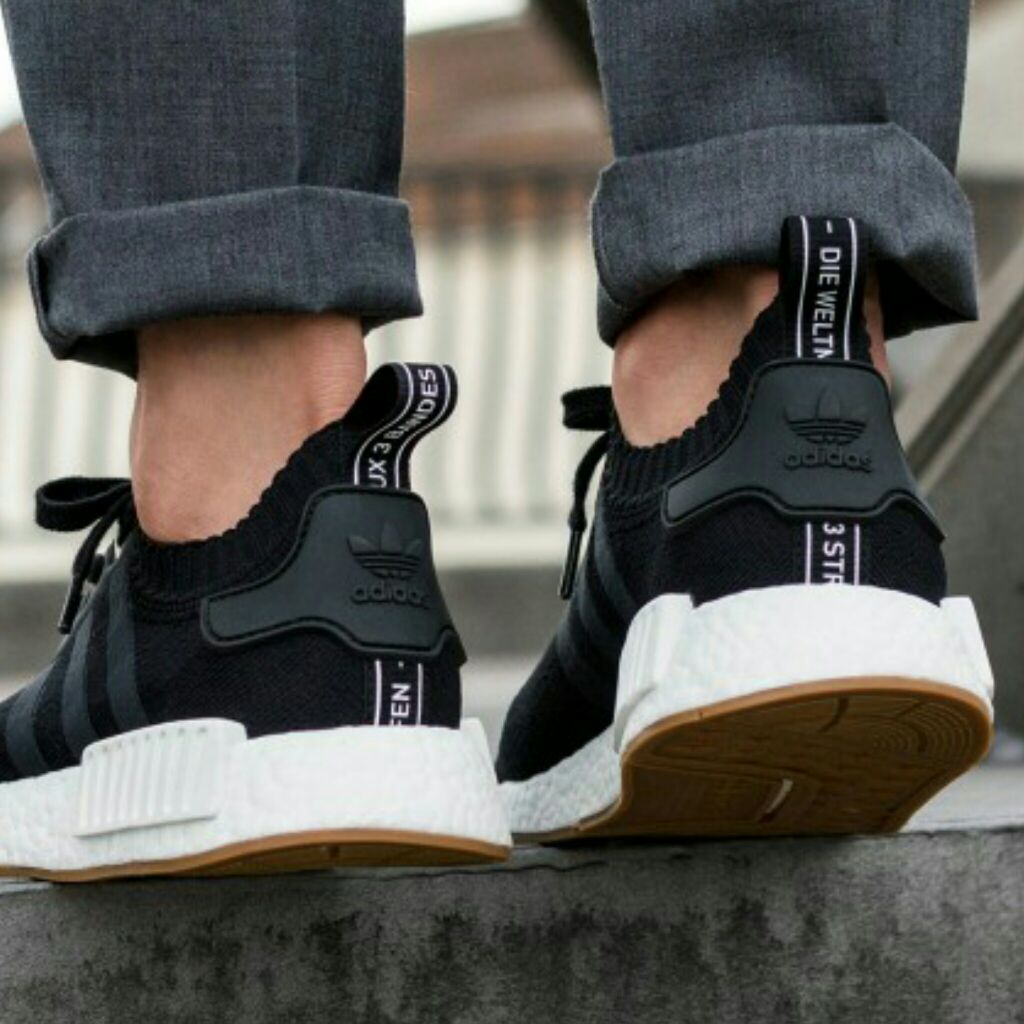 adidas nmd r1 gum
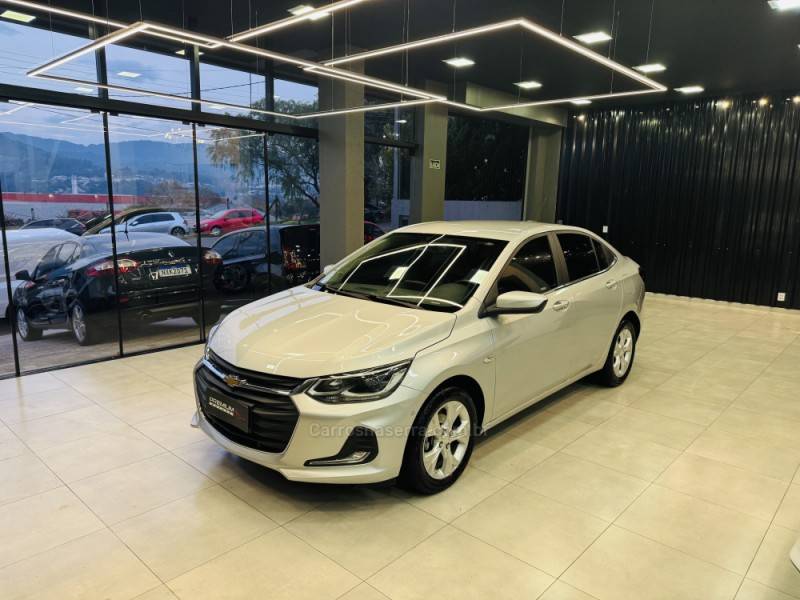 CHEVROLET - ONIX - 2021/2021 - Prata - R$ 75.900,00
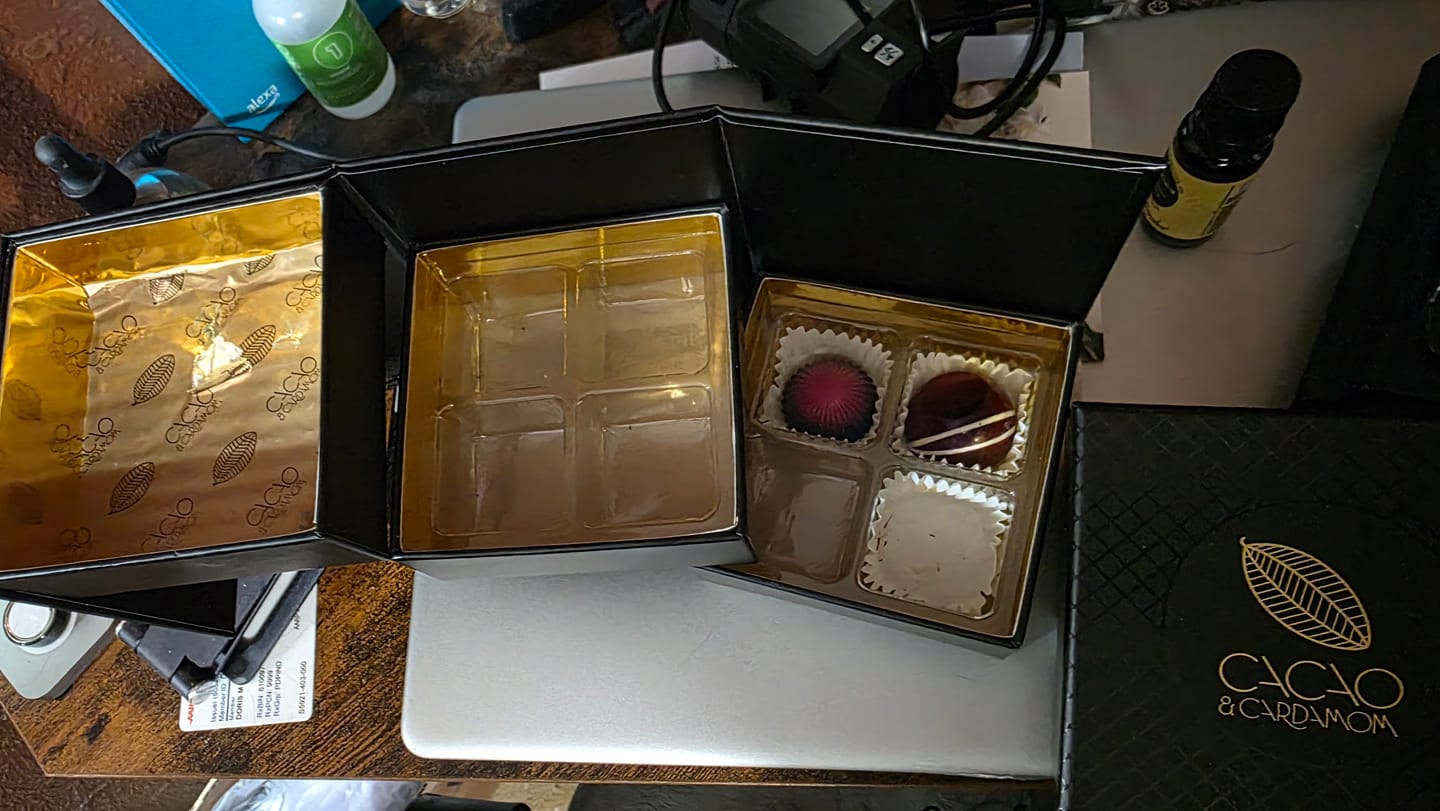 Customer photo review of 12 Piece - Build Your Own Box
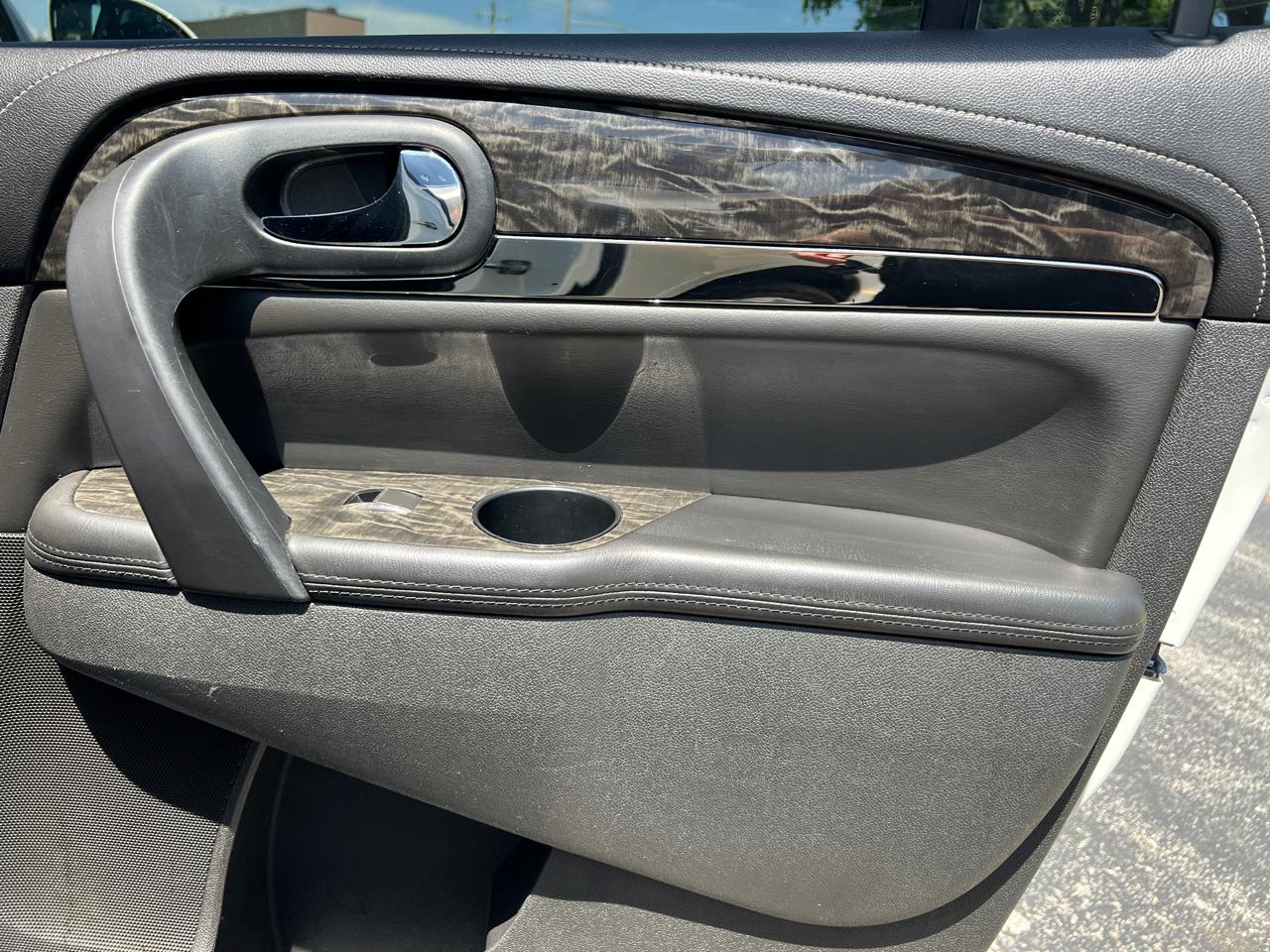 Buick Enclave AWD 4dr Leather 2013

§ §

▶ _What the task requires_
Copy the listing exactly. No images belong in the copy.

▶ _Your solution_
 adidas nmd r1 gum
 CHEVROLET - ONIX - 2021/2021 - Prata - R$ 75.900,00
 Customer photo review of 12 Piece - Build Your Own Box
 Buick Enclave AWD 4dr Leather 2013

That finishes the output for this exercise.